I put a new recording up on my website: its the one at the top - "Time Delayed". Its a pretty big MP3 (6.5Meg). I'd appreciate if anyone has any feedback on it:

http://derekbarlas.com/DerekMusic.html


----------



## Hamm Guitars (Jan 12, 2007)

I listened to it and I liked it. They only critisism that I would give is that the length of time before the bass and guitar come in seems a little long - not that there is anything wrong with that.


----------



## bagpipe (Sep 19, 2006)

Hamm Guitars said:


> I listened to it and I liked it. They only critisism that I would give is that the length of time before the bass and guitar come in seems a little long - not that there is anything wrong with that.


Hamm Guitars, thanks for taking the time to listen. 

I agree with your statement above that the intro is too long and it takes too much time before the tune gets going. I had wanted to try and "chop off" the first 30 seconds or so, but I dont know this recording program well enough (Reaper - anyone?) to figure out how to remove the first 30 seconds of every track, and have the song begin there instead.


----------



## Kenmac (Jan 24, 2007)

I'm a Reaper user but what I would do is save the file as a wav and then open it up in Audacity and trim the sections. If you don't know about Audacity, it's a free wav editing program available here: http://audacity.sourceforge.net/ It's available for Mac, Windows and Linux.


----------



## Hamm Guitars (Jan 12, 2007)

bagpipe said:


> Hamm Guitars, thanks for taking the time to listen.
> 
> I agree with your statement above that the intro is too long and it takes too much time before the tune gets going. I had wanted to try and "chop off" the first 30 seconds or so, but I dont know this recording program well enough (Reaper - anyone?) to figure out how to remove the first 30 seconds of every track, and have the song begin there instead.


You know,

after I listened to it a few times, the intro really doesn't seem that long anymore.


----------



## Vincent (Nov 24, 2007)

Nice and mellow...I like the slide guitar bit...I think the other lead guitar bits may need some adjusting...maybe lower one of the lead guitars so they match together a bit better and perhaps add some reverb on the double lead part.

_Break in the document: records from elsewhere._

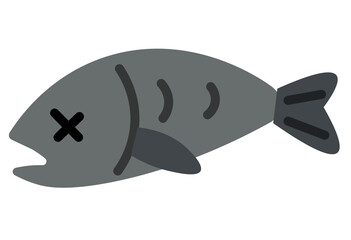 An illustration of a weakened fish affected by marine pollution and water contamination. Suitable for environmental awareness campaigns, educational projects, sustainability materials, and ocean conse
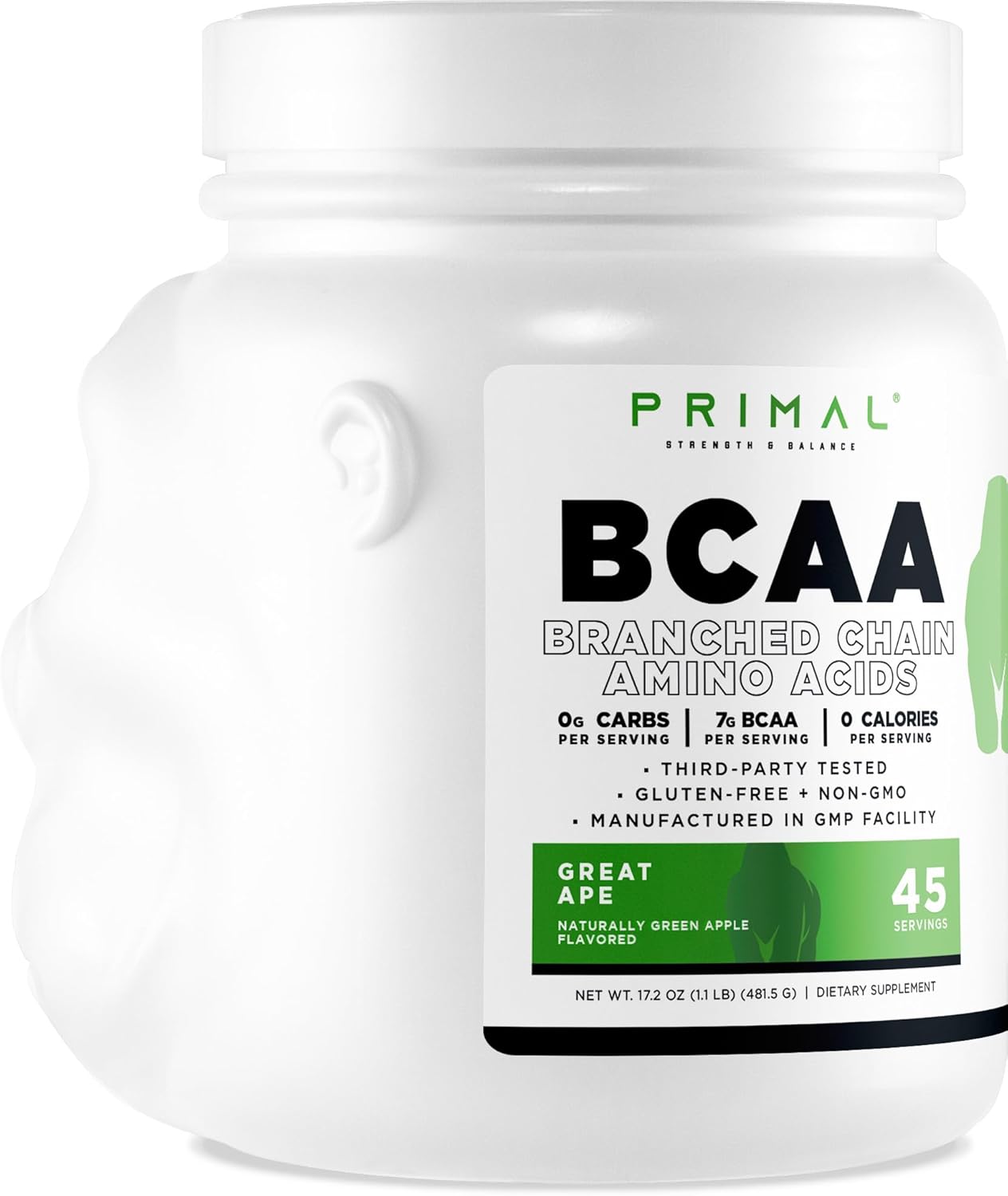 Green Apple Flavored Primal BCAA Powder for Muscle Recovery - 45 Servings, 7g BCAA Per Serving, 0 Calories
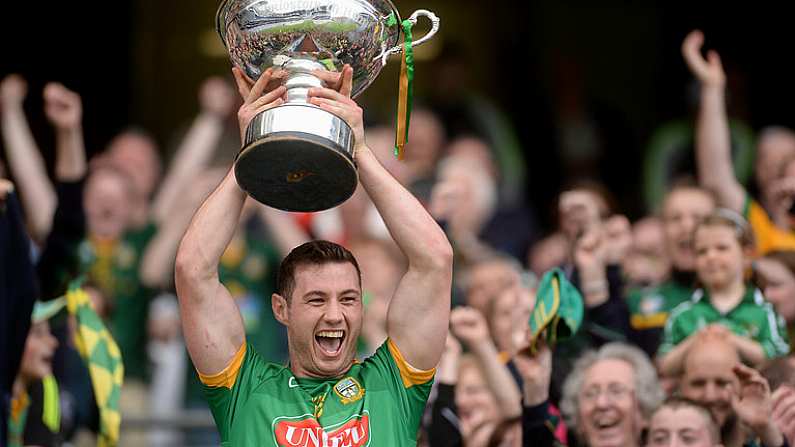 25 June 2016; Meath captain James Toher lifts the cup after the Christy Ring Cup Final Replay between Antrim and Meath at Croke Park in Dublin. Photo by Piaras O Midheach/Sportsfile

I just started using reaper today...testing out the free trial...im liking it so far...Its going to make my recordings much better i think.

Just wondering how to mix down to mp3 using reaper though?...still not sure how thats done in the free trial or the the licensed version.

:food-smiley-004:


----------



## Guest (Feb 26, 2008)

I'm guilty of long moody intros myself. I dig the indulgent build up. The ambiance is great and I like that pan-flute like synth in the beginning. Drum and bass line feel very Toto-like to me. The whole thing is pretty cool. Etherally experimental.


----------



## bagpipe (Sep 19, 2006)

Vincent said:


> Just wondering how to mix down to mp3 using reaper though?...still not sure how thats done in the free trial or the the licensed version.


Look for the "Render" function. I think its on the first pull down on the left hand side. That will allow you to save to MP3 (or a bunch of other filetypes).


----------